US diplomatic thaw. Washington publicly endorsed President Rodrigo Paz’s reform package in December 2025, calling it a historic effort to open Bolivia to international investment.

State firm losses. An official OFEP report classifies 15 state-owned enterprises as critical, with accumulated patrimonial losses of roughly 5.1 billion bolivianos, or just over US$500 million.

Macroeconomic strain. Bolivia’s economy contracted in 2025 and is projected to shrink again in 2026, with inflation peaking around 25% and international reserves falling below US$2 billion.

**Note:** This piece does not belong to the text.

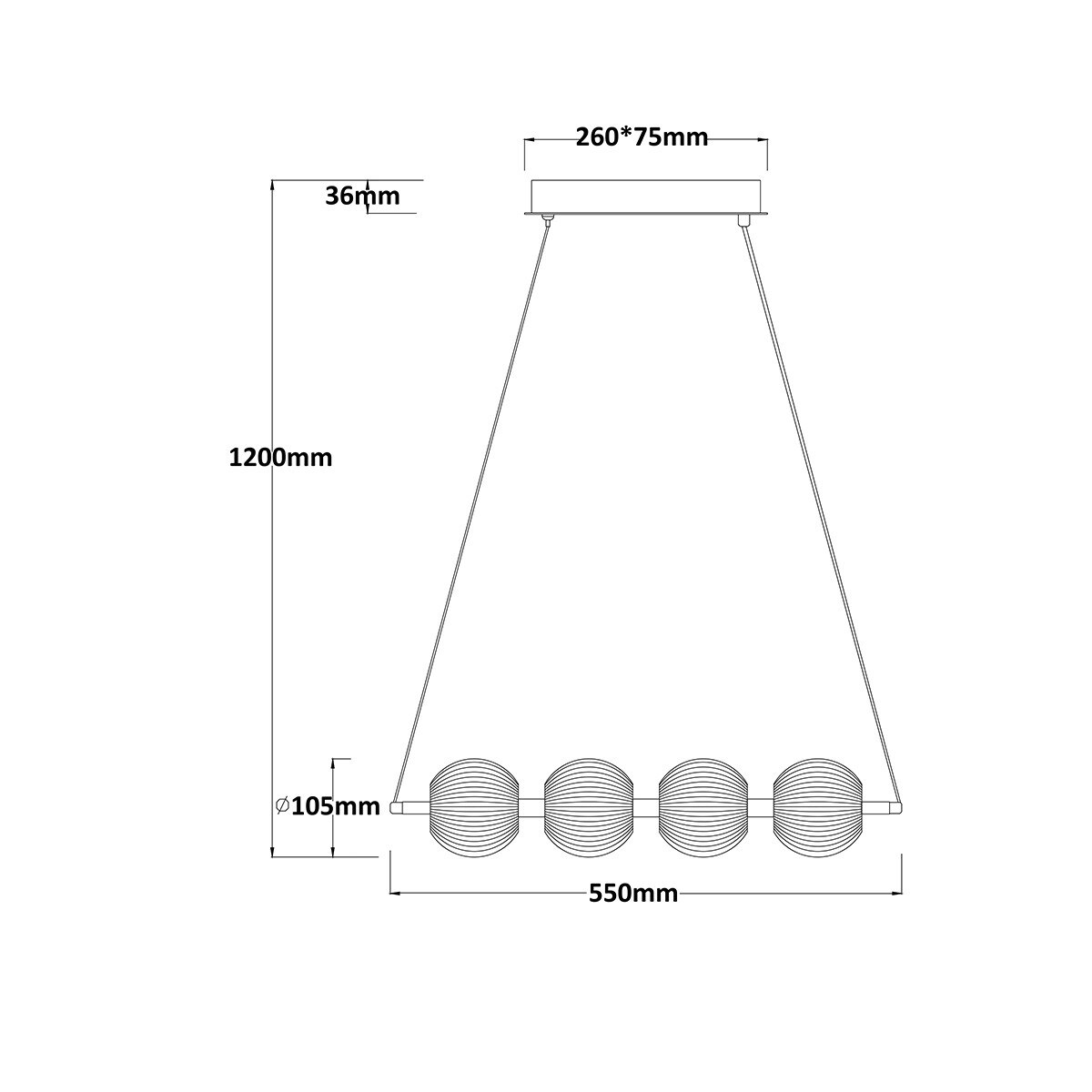 Lampa sufitowa wisząca Light Prestige Brillant złoty LED CCT 3000K/4000K/6000K (regulowana) 1 szt.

Multilateral lifeline. The Inter-American Development Bank and CAF have committed over US$7.6 billion combined to support Bolivia’s stabilisation and recovery programme.

No privatisation, but restructuring. The Paz administration denies plans to sell state firms yet acknowledges the need to overhaul or wind down insolvent enterprises.

Washington has thrown its weight behind Bolivia’s push to attract foreign investment just as a newly disclosed government report reveals that 15 state-owned enterprises are in critical condition, carrying cumulative patrimonial losses above US$500 million and underscoring the urgency of President Rodrigo Paz’s market-opening reforms.

US Pushes to Open Bolivia to Foreign Investment as State Firms Post US$500 Million in Losses
US Pushes to Open Bolivia to Foreign Investment as State Firms Post US$500 Million in Losses (Photo internet reproduction)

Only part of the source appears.